Few media outlets discussed the report. Not The New York Times, in all its coverage. Certainly not the Malaysian dailies, as one editor confirms: “Unless it’s an absolutely glowing assessment, we’re going to have problems getting it through.”

The Financial Times was one of the few exceptions; it comes with rebuttals from Felda CEO Sabri Ahmad, who insists the restructuring was above board and that the descendants of the Felda settlers were never promised the land.

In Malaysia, where old pride and older prejudices are inextricably intertwined with business big or small, there are numerous facets to every story. There are those who view the Felda IPO positively; the narrative of the poor settler made good is potent. But there is also dissatisfaction, as evinced by the thousands of orange-clad settlers who took to the streets this past weekend in protest.

Profundo’s report contains the sort of information that is widely known, but seldom reported. It is cud for late-night ruminations at tea stalls and around mahjong tables, punctuated by sighs and shrugs. And in an environment where any contrarian opinion is dismissed as opposition rumour-mongering, blinkers are often a more sensible accessory than sunglasses.

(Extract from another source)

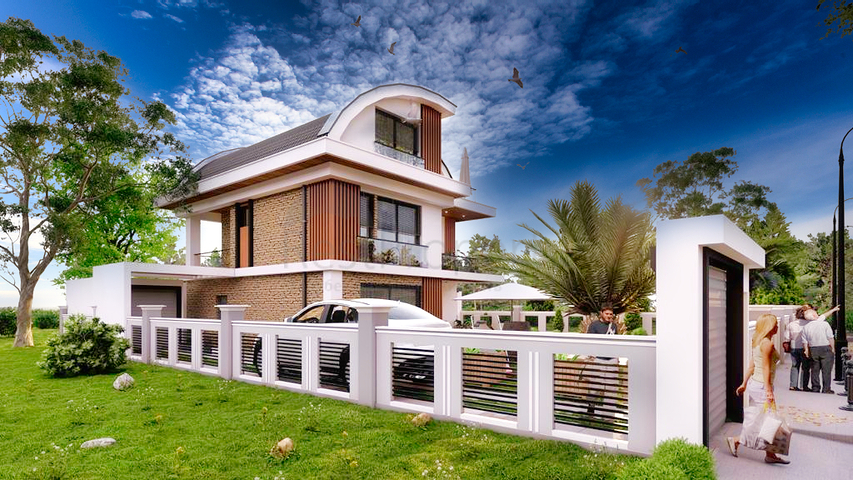 Вилла планировки 4+1 в 800 метрах от моря в районе Белек 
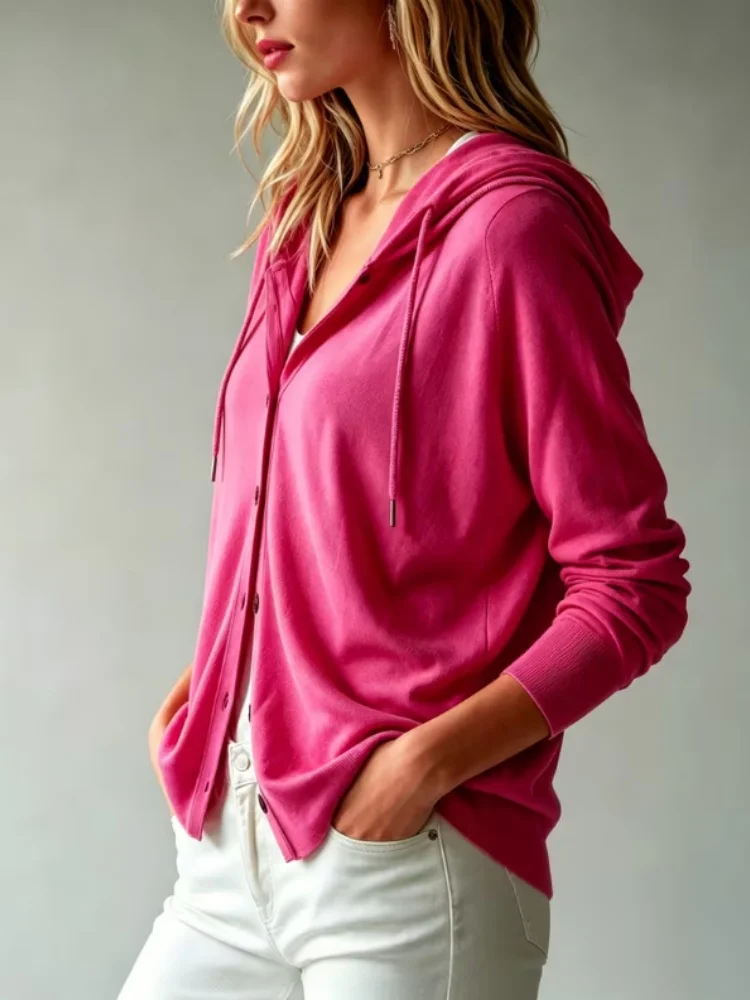 Spring Summer Thin Tencel Hooded Knit Cardigan  Tops Solid Color Simple Loose Casual Button Front Elegant Women's Sweater Coat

Crikey spoke to several bankers and analysts in Malaysia; their story is of a country scrabbling for a yardstick to compare itself to the bourses of Singapore and Hong Kong, with oil-palm related activity doubling as a crutch for the economy. And with government-linked companies making up the bulk of the strategic and cornerstone investors for many large IPOs, there are far too many toes for even the most nimbly worded report to evade.

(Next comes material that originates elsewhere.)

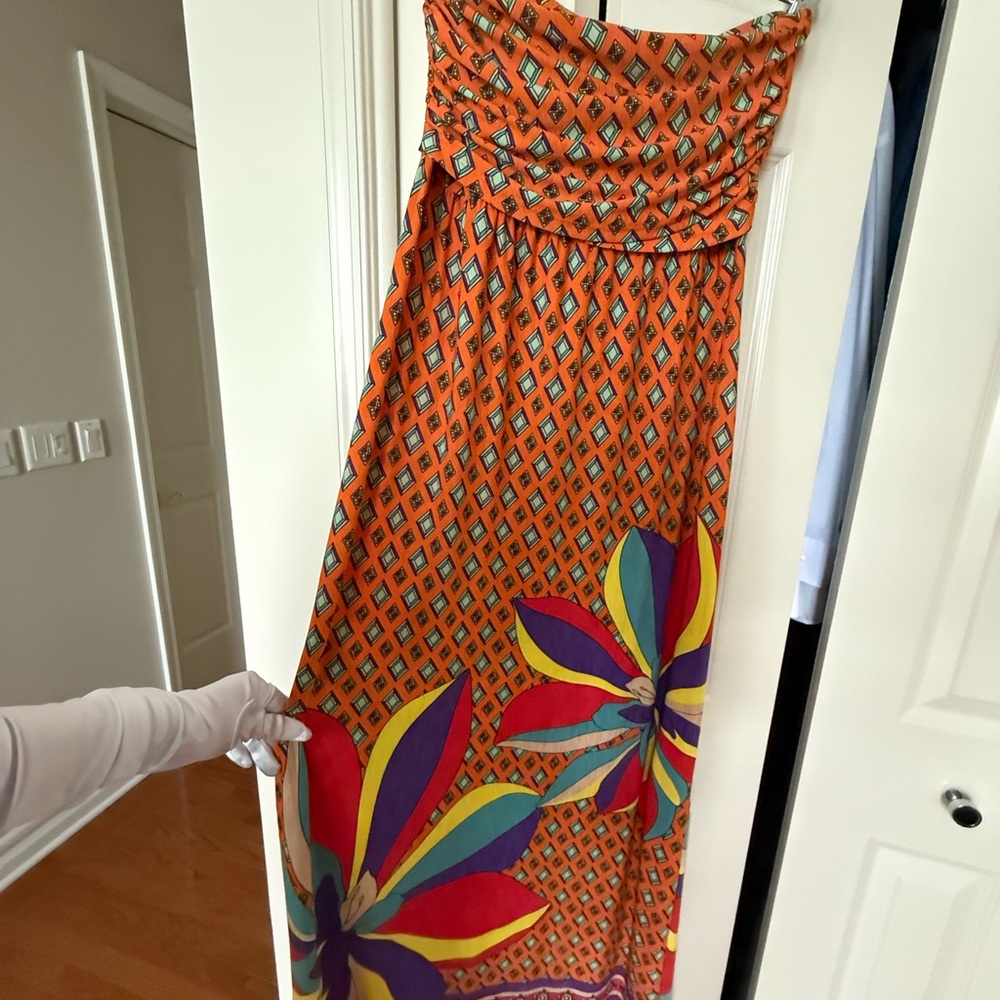 Vibrant Orange Strapless Maxi Dress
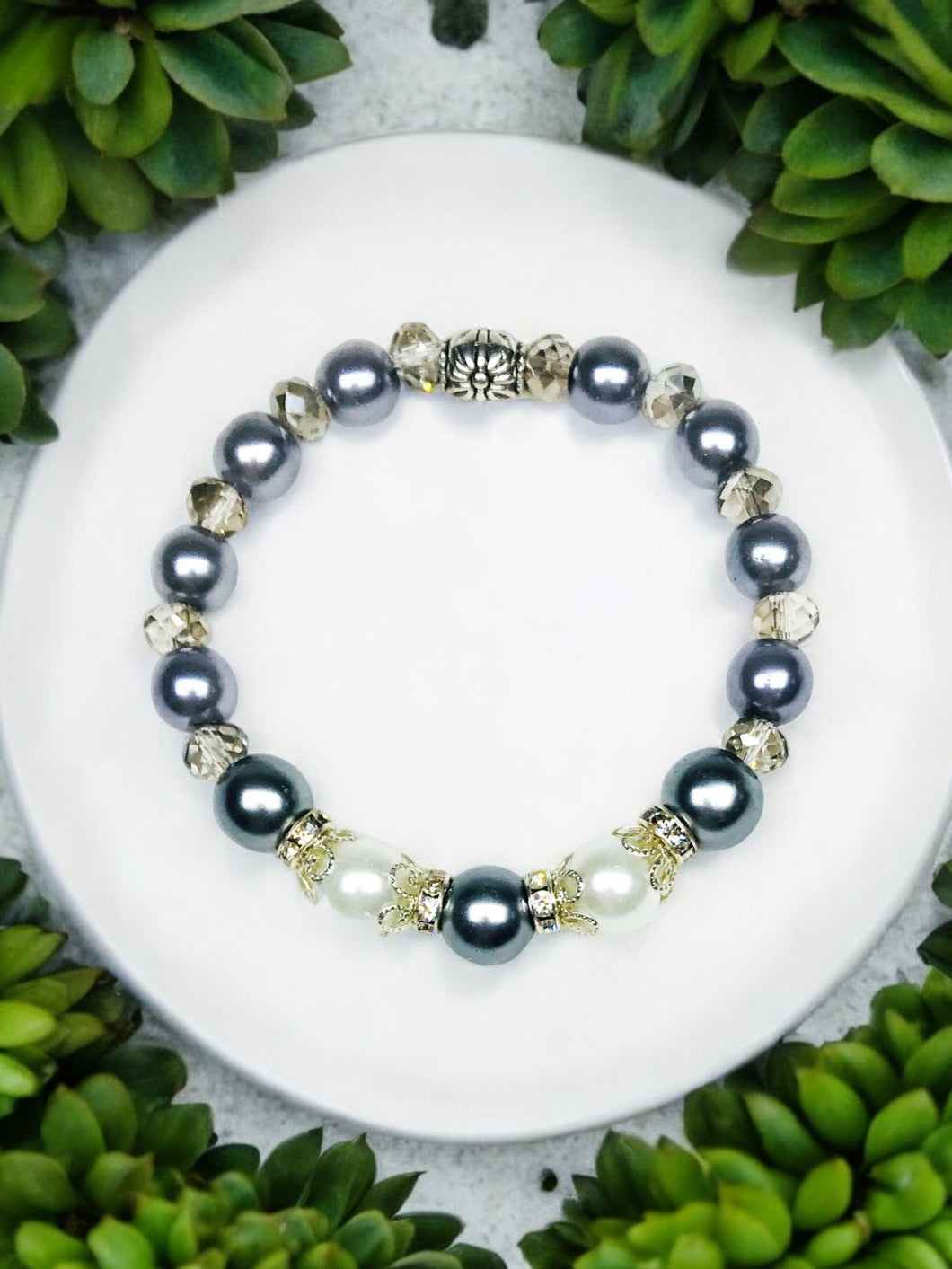 Glass Bead Stretchy Bracelet - B1292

An investment banker at a Malaysian-based international bank, speaking on condition of anonymity, says analysts and bankers are not averse to a dissenting opinion: they just might not see the point, and there is more to this than simply covering their eyes.“At least with that you have hope of removing the blindfold. This is like stabbing ourselves in the eyes, and still describing deal after deal in full-blown 18-megapixel high-definition intensity,” she said. “But if we tell ourselves the lie enough times, with all these reports that build castles in the sky, I guess we can eventually convince ourselves and the investing community it is true.”

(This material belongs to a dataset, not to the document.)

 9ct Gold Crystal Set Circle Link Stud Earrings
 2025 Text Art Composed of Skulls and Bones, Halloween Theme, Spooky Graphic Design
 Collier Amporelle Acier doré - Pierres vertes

Profundo director van Gelder, one of the report’s co-authors, emphasises the lack of a critical attitude on both sides of the investment community.

“Our main argument centred on the fact that the proceeds of the IPO will flow into the coffers of the ruling party in Malaysia, and this will undermine the political system even more than it already is,” he said. “But this argument is not of much interest to many investors because it does not threaten their own income … the stock brings a short-term profit, and if the issues around palm oil heat up, it can always be sold!”

Van Gelder also points out that the bankers involved the deal are mainly concerned with the short period before and after the IPO, the period in which the banks’ own money is at risk.

“They are not so much concerned about longer-term issues nor where the proceeds of the IPO will go,” he said. “Their objective is to sell as many shares as they can now, to earn their fees and get out of here and get on to another job.”

Despite reservations, Felda’s shares have yet to drop beneath their debut price of RM5.30. The presence of cornerstone investors, which vacuum up most of the shares and commit to a lock-up period of 180 days, contribute to this short-term stability — as do the stock’s low allocations, which meant a lot of squabbling for the relatively few shares available on the open market, temporarily boosting prices. Traders also say the upcoming Malaysian general election skews valuations, making it almost certain that government-linked companies will outperform in the short to medium term.

The long term, however, is another matter. There are serious doubts over Felda’s ageing plantations and the pace of its replanting activities. But it is hard to tell which would be worse — for Felda shares to tank, dragging with them the Malaysian economy and the work of multiple generations of settlers, or for them to soar, justifying a history of bullying and bowdlerisation.